● **Aim of the task**
Down to the last line, set down the listing below exactly, apart from its pictures.

● **Dataset section**
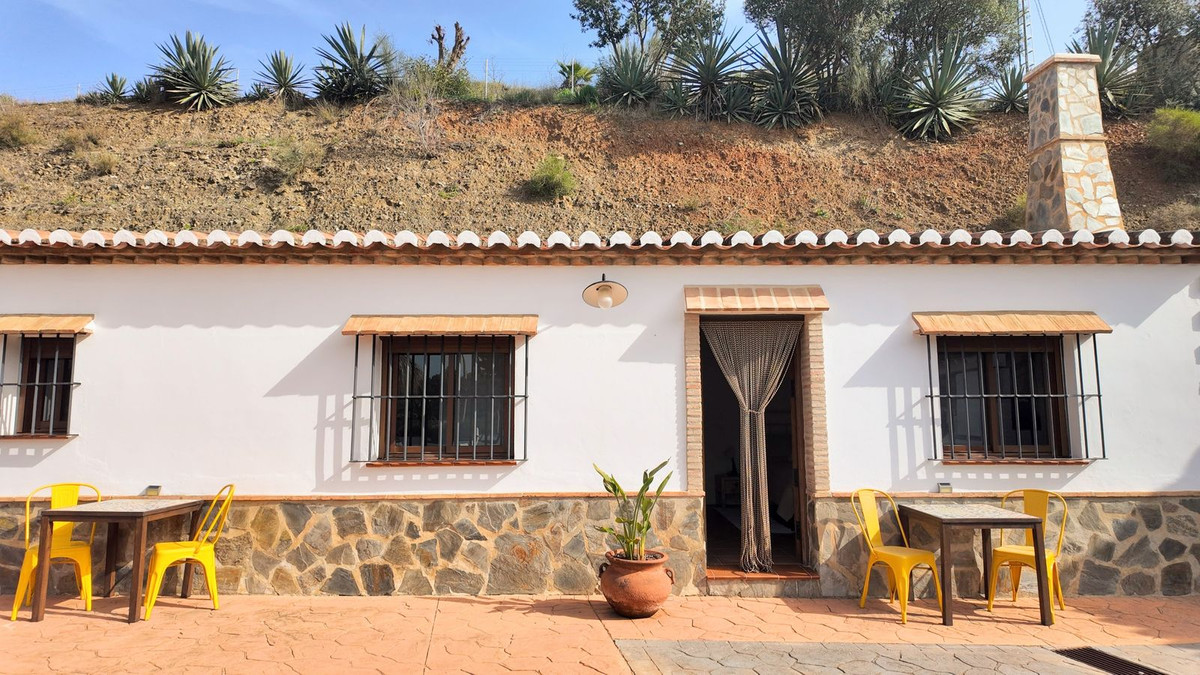 Vrijstaande Villa te koop in Alora | 6 slaapkamers H5321080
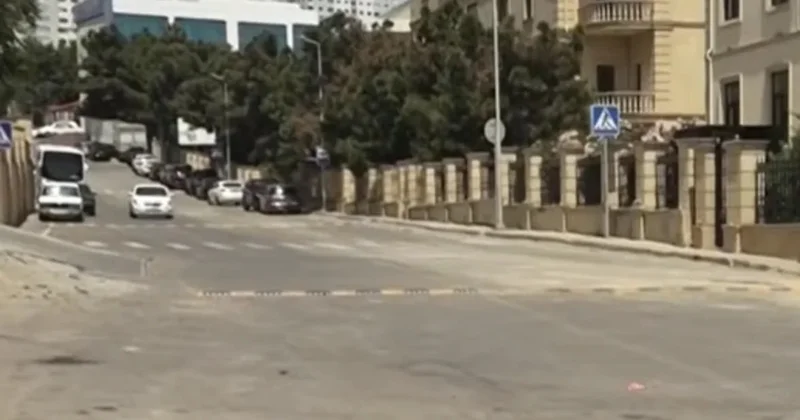 Səbaildə torpaq sürüşməsinə görə bağlanan yolda təmir işləri niyə aparılmır? VİDEO
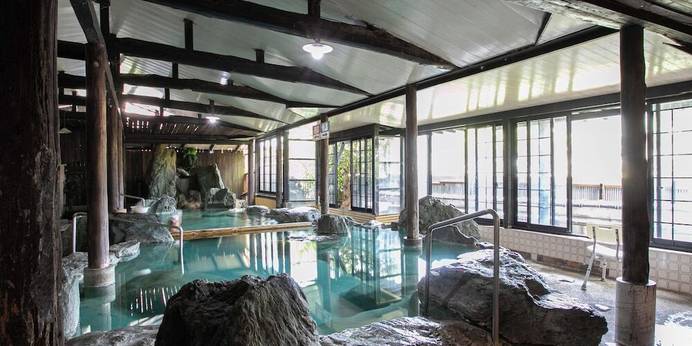 筑後川温泉 虹の宿 ホテル花景色（福岡県 旅館） / 1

● **Solution for this task**
 Vrijstaande Villa te koop in Alora | 6 slaapkamers H5321080
 Səbaildə torpaq sürüşməsinə görə bağlanan yolda təmir işləri niyə aparılmır? VİDEO
 筑後川温泉 虹の宿 ホテル花景色（福岡県 旅館） / 1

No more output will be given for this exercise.